Although he briefly returned to the Caribbean after he finished his studies, he no longer felt at home there and in 1953, after a stint in Paris, he accepted a position as chef de service (chief of staff) for the psychiatric ward of the Blida-Joinville hospital in Algeria. The following year, 1954, marked the eruption of the Algerian war of independence against France, an uprising directed by the Front de Libération Nationale (FLN) and brutally repressed by French armed forces. Working in a French hospital, Fanon was increasingly responsible for treating both the psychological distress of the soldiers and officers of the French army who carried out torture in order to suppress anti-colonial resistance and the trauma suffered by the Algerian torture victims. Already alienated by the homogenizing effects of French imperialism, by 1956 Fanon realized he could not continue to aid French efforts to put down a decolonization movement that commanded his political loyalties, and he resigned his position at the hospital.

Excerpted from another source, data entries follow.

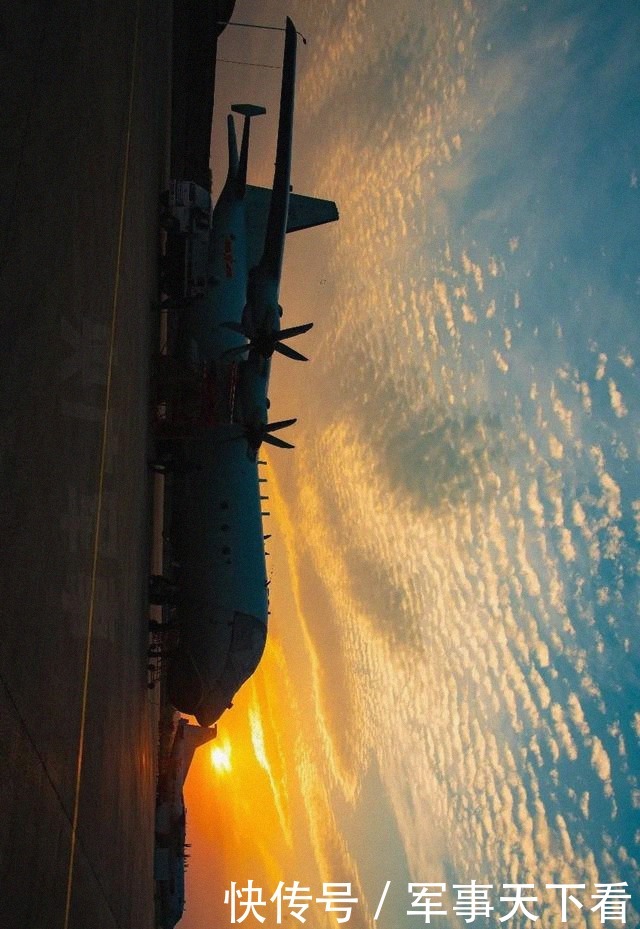 海军|剑指战场！东部战区海军航空兵出击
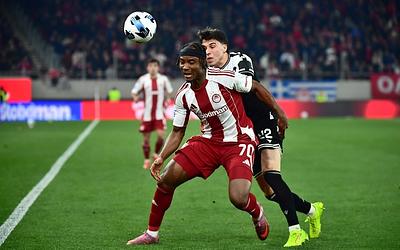 «Λευκή» πολιορκία στο Φάληρο: Ολυμπιακός και ΠΑΟΚ έμειναν στο μηδέν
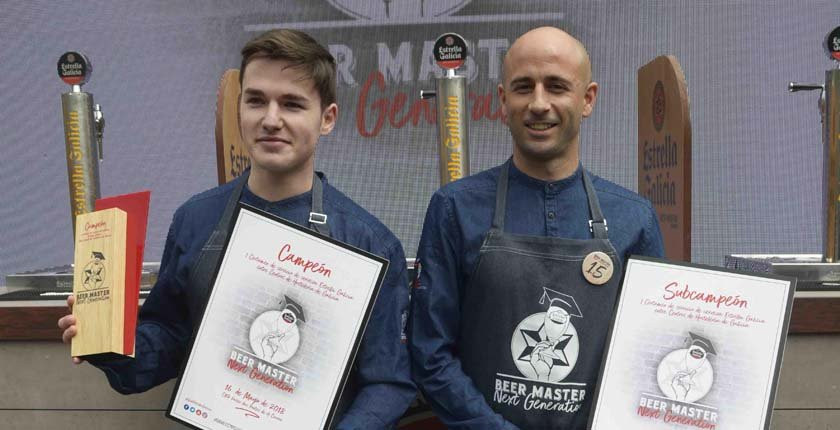 Reportaje | Los alumnos de hostelería demuestran sus dotes con la cerveza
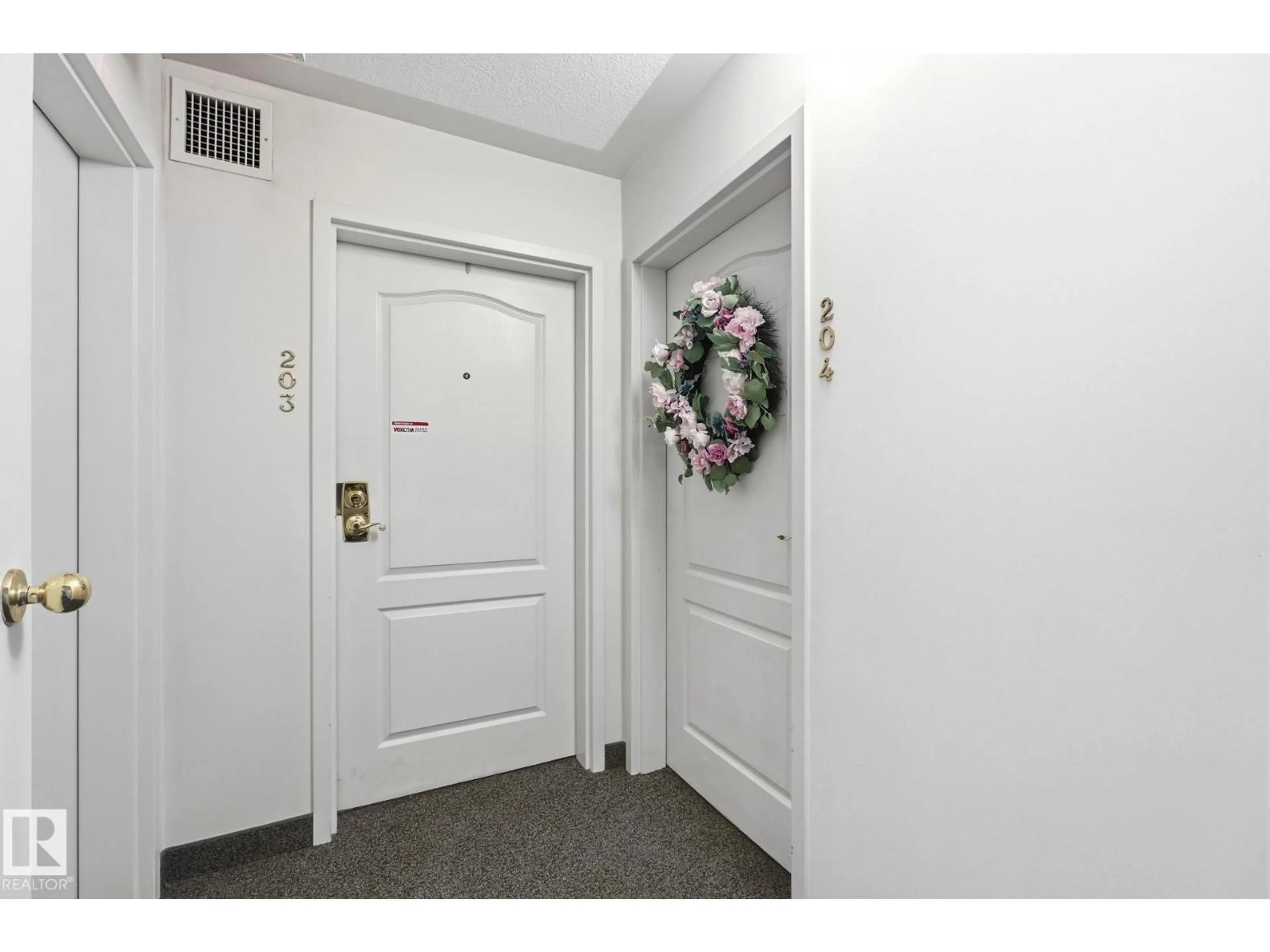 Indoor foyer for #204 - 10827 85 AV NW, Edmonton Alberta T6E2L2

Once he was no longer officially working for the French government in Algeria, Fanon was free to devote himself to the cause of Algerian independence. During this period, he was based primarily in Tunisia where he trained nurses for the FLN, edited its newspaper el Moujahid, and contributed articles about the movement to sympathetic publications, including Presence Africaine and Jean-Paul Sartre’s journal Les Temps Modernes. Some of Fanon’s writings from this period were published posthumously in 1964 as Pour la Révolution Africaine (Toward the African Revolution). In 1959 Fanon published a series of essays, L’An Cinq, de la Révolution Algérienne, (The Year of the Algerian Revolution) which detail how the oppressed natives of Algeria organized themselves into a revolutionary fighting force. That same year, he took up a diplomatic post in the provisional Algerian government, ambassador to Ghana, and used the influence of this position to help open up supply routes for the Algerian army. It was in Ghana that Fanon was diagnosed with the leukemia that would be his cause of death. Despite his rapidly failing health, Fanon spent ten months of his last year of life writing the book for which he would be most remembered, Les Damnés de la Terre, an indictment of the violence and savagery of colonialism which he ends with a passionate call for a new history of humanity to be initiated by a decolonized Third World. In October 1961, Fanon was brought to the United States by a C.I.A. agent so that he could receive treatment at a National Institutes of Health facility in Bethesda, Maryland. He died two months later, on December 6, 1961, reportedly still preoccupied with the cause of liberty and justice for the peoples of the Third World. At the request of the FLN, his body was returned to Tunisia, where it was subsequently transported across the border and buried in the soil of the Algerian nation for which he fought so single-mindedly during the last five years of his life.
2. Africana Phenomenology
Fanon’s contribution to phenomenology, glossed as a critical race discourse (an analysis of the pre-conscious forces shaping the self that organizes itself around race as a founding category), most particularly his exploration of the existential challenges faced by black human beings in a social world that is constituted for white human beings, receives its most explicit treatment in Peau Noire, Masques Blancs. The central metaphor of this book, that black people must wear “white masks” in order to get by in a white world, is reminiscent of W.E.B. Du Bois’ argument that African Americans develop a double consciousness living under a white power structure: one that flatters that structure (or some such) and one experienced when among other African Americans. Fanon’s treatment of the ways black people respond to a social context that racializes them at the expense of our shared humanity ranges across a broader range of cultures than Du Bois, however; Fanon examines how race shapes (deforms) the lives of both men and women in the French Caribbean, in France, and in colonial conflicts in Africa. Africana sociologist Paget Henry characterizes Fanon’s relation to Du Bois in the realm of phenomenology as one of extension and of clarification, since he offers a more detailed investigation of how the self encounters the trauma of being categorized by others as inferior due to an imposed racial identity and how that self can recuperate a sense of identity and a cultural affiliation that is independent of the racist project of an imperializing dominant culture.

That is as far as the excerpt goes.